Beneath every home, hill, and aging sidewalk in Oakland, the forces that shape the contours and history of the place we call home are steadily at work. As is Andrew Alden, a geologist who has taken it upon himself to study those forces and publish his findings.
Alden has run the blog Oakland Geology for more than a decade, chronicling the nature of the rocks and hidden machinations that he believes have had a significant hand in authoring the town’s history. After spending 10 years exploring every single block in Oakland and then writing a book about what lies beneath our feet, his publisher asked him to start over and write about the human dramas that have unfolded above ground as a result of our topography. That book is Deep Oakland, which Alden hopes to release next summer.

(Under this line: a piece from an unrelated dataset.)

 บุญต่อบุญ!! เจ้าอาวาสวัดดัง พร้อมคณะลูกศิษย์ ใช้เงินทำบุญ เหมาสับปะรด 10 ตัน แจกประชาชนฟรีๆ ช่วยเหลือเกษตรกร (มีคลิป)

The Oaklandside spoke with Alden about his blog, forthcoming book, and how Oakland’s geology shapes life in The Town. The interview has been edited for length.
Your blog, Oakland Geology, chronicles just that—the geology of this town, which you’ve called home for 33 years now. What was the impetus behind starting the blog?

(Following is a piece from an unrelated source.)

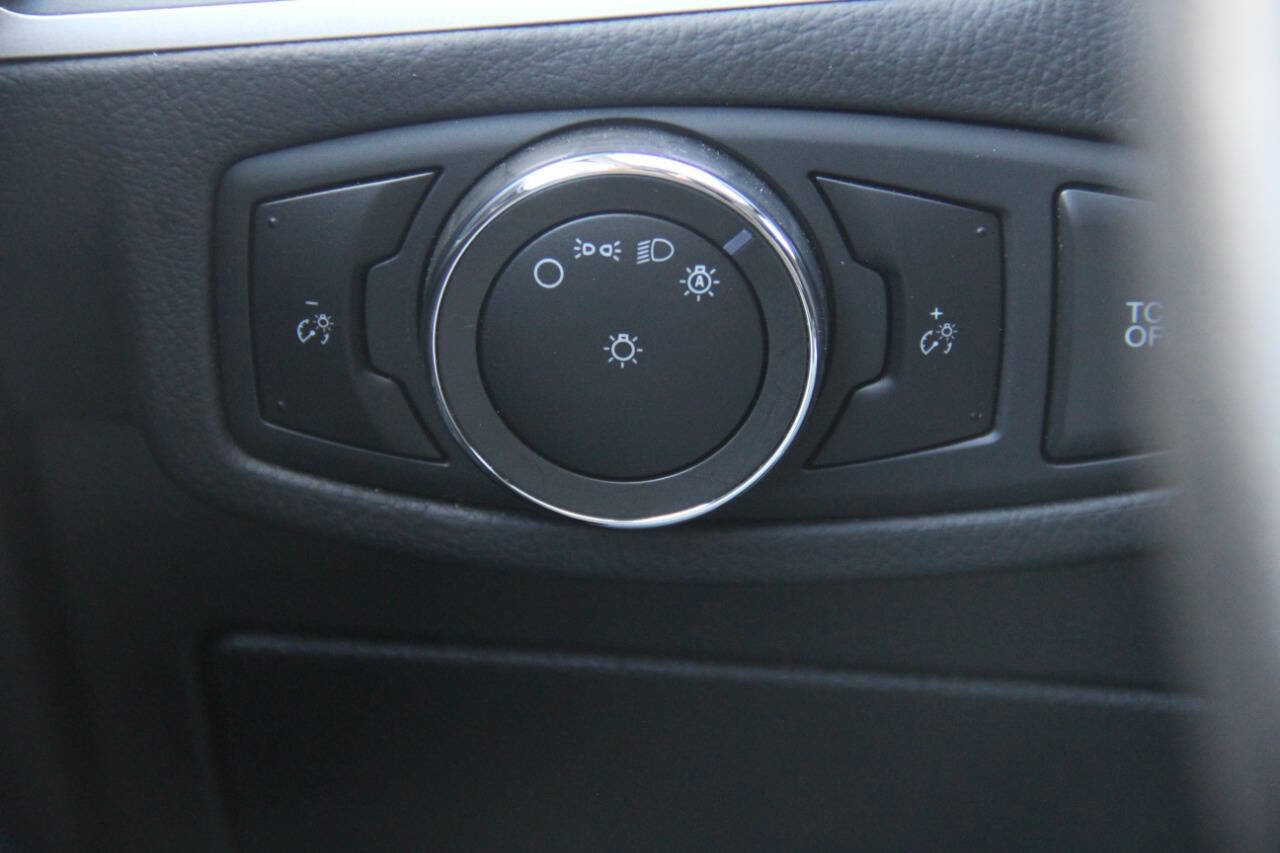 Certified 2023 Ford Edge SEL image 29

Well, when I moved to Oakland it was 1989. Two weeks later, the Loma Prieta earthquake happened, which was a pretty exciting way to be introduced to a city. I started the blog quite a bit later, in 1997. We were all getting online at the time, you know, the web was new. And I had been doing stuff online on bulletin boards like The Well, where I’ve been for a very long time, since the early 90s. I took it upon myself to get into sidewalk stamps. These are the concrete marks that you see on a sidewalk from people who make the sidewalks. There’s a million of them in Oakland and Berkeley and Hayward—any place with old sidewalks.
So I set out to explore every block of Oakland. I did that. It took me about 10 years. I thought, well, this is great preparation to write about Oakland because I’ve set foot on every part of Oakland while I was doing that. And that became the blog Oakland Underfoot, an older sibling of Oakland Geology.
How did your interest in geology first begin? Was there a point where you decided to make this a serious part of your life?
I’ve always had a fascination with landscape, with topography, but I picked geology for a major in college because it seemed less demanding than other sciences. In some ways it is, but in others, it’s endlessly complex. Earth science touches on every other branch of science. In fact, I consider geology to be the mother science of physics and chemistry, and it should be taught first in schools, but don’t get me started.
What kind of equipment do you use in your studies?
I walk around with my phone’s camera and compass, a hand lens, and a little bottle of hydrochloric acid with an eyedropper. That’s the best way to detect limestone or calcium carbonate minerals—they fizz. I’m guided by a geologic map of the Oakland region that was issued in 2000 by the U.S. Geological Survey. I used to carry a rock hammer, but I’ve decided I don’t want to damage our rocks even though no one would notice. I know them all by heart.
You say that the hills are full of a multitude of rock types and that they “come from places near and far.” Can you explain how that’s possible?
The rocks in the hills formed in different places at different times, from the Jurassic to the Miocene periods, or in ordinary English about 165 million to about 9 million years ago. Plate tectonics was moving them around the whole time, to put it briefly, rearranging western North America. Most recently, like within the last couple million years, pressure [across] the Hayward Fault has pushed up the hills, where erosion has exposed the whole mixed assemblage. It appears to me that Oakland has more variety in its rocks than any other American city.
Where can people go to touch some of the youngest naturally occurring rocks in Oakland? Some of the oldest?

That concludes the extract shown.